Lieu : El Ranadoiro, hameau des Asturies en Espagne
Action : peinture
Perpétratrice : Maria Luisa Menendez, paroissienne d’El Ranadoiro
Motivation : achever la restauration de cette statue
Suites : Le caractère outrancier des couleurs a provoqué une certaine hilarité sur les réseaux sociaux.
Citation : « Je ne suis pas une professionnelle, mais j’ai toujours aimé faire cela, et les statues avaient vraiment besoin d’être peintes. C’est pourquoi je les ai peintes comme j’ai pu, avec les couleurs qui m’ont semblé être les bonnes, et les voisins ont aimé mon travail »

Deux Warhol

Œuvres : Trois peintures et deux sculptures appartenant à Anthony Buzbee, avocat et politicien, connu pour avoir un temps soutenu Donald Trump.

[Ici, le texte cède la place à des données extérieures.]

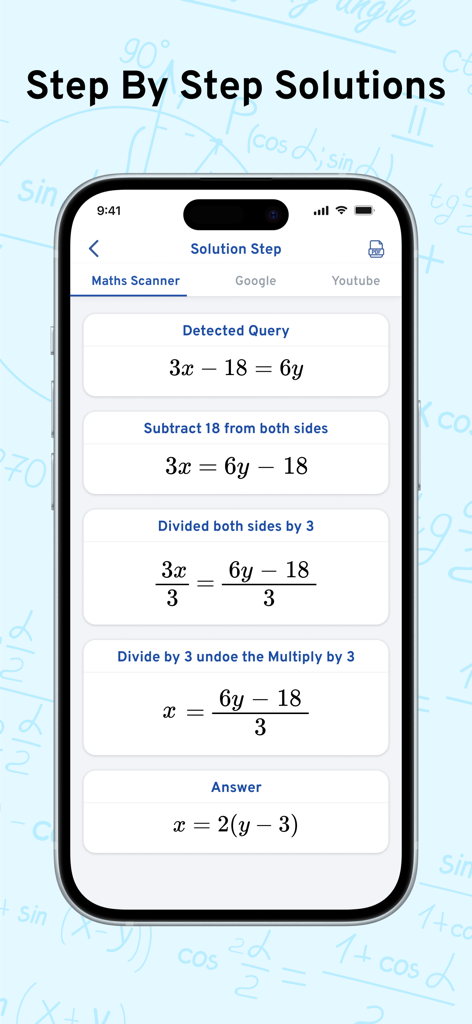 AI Math Scanner: Maths Solver - Smartphone screen showing step by step algebra solutions in the AI Math Scanner app.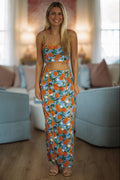 Barefoot Grove Maxi Skirt - Orange and Blue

Deux des peintures étaient d’Andy Warhol (on ne sait pas lesquelles).
Date : 23 décembre 2017
Action : projection de vin sur les œuvres, qui ont été arrachées du mur et projetées.
Instigatrice : Lindy Lou Layman, journaliste juridique de 29 ans.
Faits : Alors qu’elle se trouvait chez Anthony Buzbee pour un « first date », Lindy Layman a un peu trop bu. Son hôte a décidé d’appeler une voiture pour la ramener chez elle. Folle de rage et refusant de partir, la jeune femme a joué à cache-cache dans la maison, puis a fini par projeter du vin sur une paire d’œuvres d’Andy Warhol, et jeté des sculptures sur son hôte.
Suites : La jeune femme a ensuite nié avoir abîmé les œuvres. Elle a payé une caution de 30 000 dollars (un dixième de la valeur estimée des œuvres), avec interdiction de consommer des drogues ou de l’alcool, et de chercher à prendre contact avec le propriétaire des tableaux.

Cette fois ça n’a pas marché !

Œuvres : La Joconde, la Vénus de Milo, le Radeau de la Méduse
Date : 3 février 2017
Auteur de la tentative : Abdalla El Hamahmi, égyptien de 29 ans.
Action : Alors qu’il tentait d’entrer au Louvre, des soldats ont voulu inspecter son sac. Il a alors brandi une paire de machettes et tenté d’agresser un militaire au cri de « Allahu akbar ! ». Blessé de plusieurs balles, il a été intercepté. Dans son sac se trouvaient des bombes de peinture.
Revendication : Protester contre les guerres en Syrie et au Yémen. L’auteur des faits avait tenté d’intégrer Daech, sans succès.
Enquête : Sur les réseaux sociaux, il avait posté un selfie (ci-dessous) assorti d’un smiley et du nom Léonard de Vinci.
Lors de son procès, il a confirmé son intention de vandaliser les œuvres emblématiques du Louvre. Il a été condamné à trente ans de prison.

Le fils d’un migrant syrien

Œuvre : Le fils d’un migrant syrien, par Banksy
Lieu : Calais
Date : janvier 2016
Action : graffiti
Perpétrateurs : non connus
Motivations : Les motivations ne sont pas connues mais leurs auteurs étaientis déterminés, car la municipalité, consciente de la valeur de cette fresque (très médiatisée), avait placé une protection, or celle-ci a été détruite afin de pouvoir défigurer l’œuvre.
Cette œuvre, située dans « la jungle » de Calais, rappelle que le père de Steve Jobs était syrien, et on peut imaginer que les auteurs des dégradations sont hostiles aux migrants. Ou à la marque Apple.